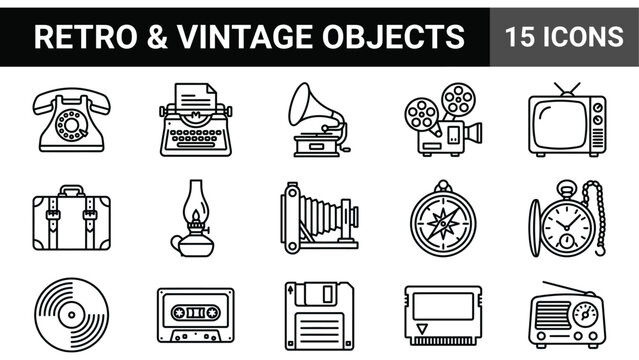 Retro and Vintage Objects Icon Set: Telephone, Typewriter, Gramophone, Camera, TV, Suitcase, Lamp, Compass, Watch, Vinyl, Cassette, Floppy Disk, Radio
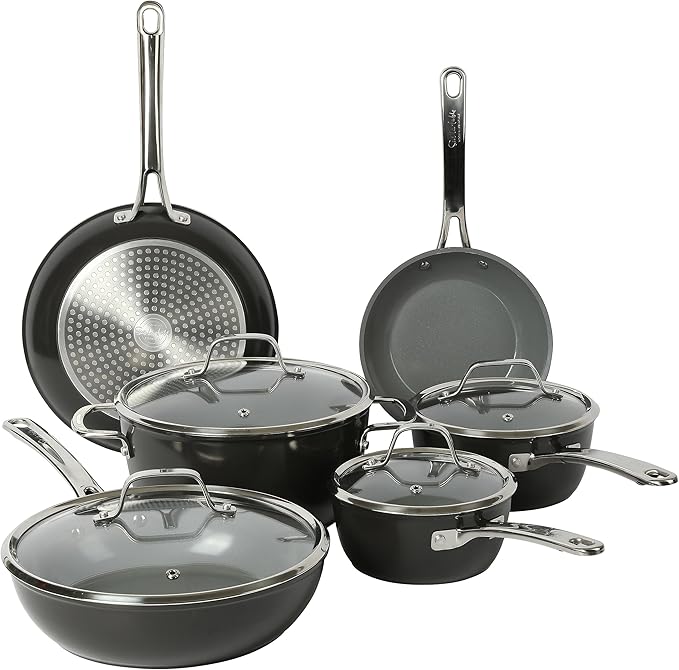 Sur La Table Kitchen Essentials 10 Piece PFA Free Titanium Ceramic Nonstick Interior Forged Aluminum Cookware Pots and Pans Set - Black - Induction Compatible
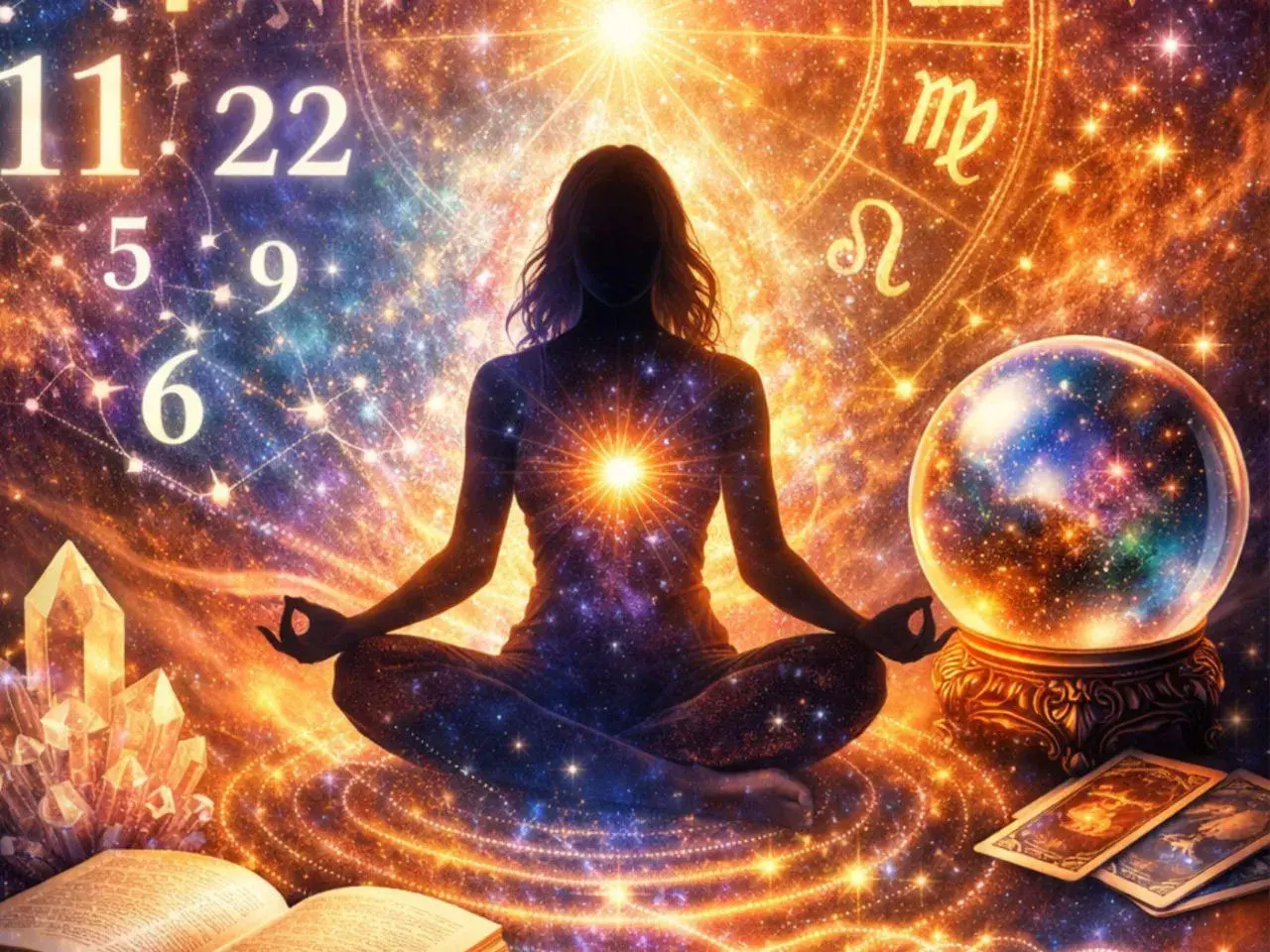 Meditująca postać w kosmicznej przestrzeni, otoczona symbolami numerologii i astrologii. To wizualizacja roku numerologicznego 3, pełnego kreatywności i ekspresji.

The problem: The data is to be printed again exactly, but without its pictures.

Response area:
 Retro and Vintage Objects Icon Set: Telephone, Typewriter, Gramophone, Camera, TV, Suitcase, Lamp, Compass, Watch, Vinyl, Cassette, Floppy Disk, Radio
 Sur La Table Kitchen Essentials 10 Piece PFA Free Titanium Ceramic Nonstick Interior Forged Aluminum Cookware Pots and Pans Set - Black - Induction Compatible
 Meditująca postać w kosmicznej przestrzeni, otoczona symbolami numerologii i astrologii. To wizualizacja roku numerologicznego 3, pełnego kreatywności i ekspresji.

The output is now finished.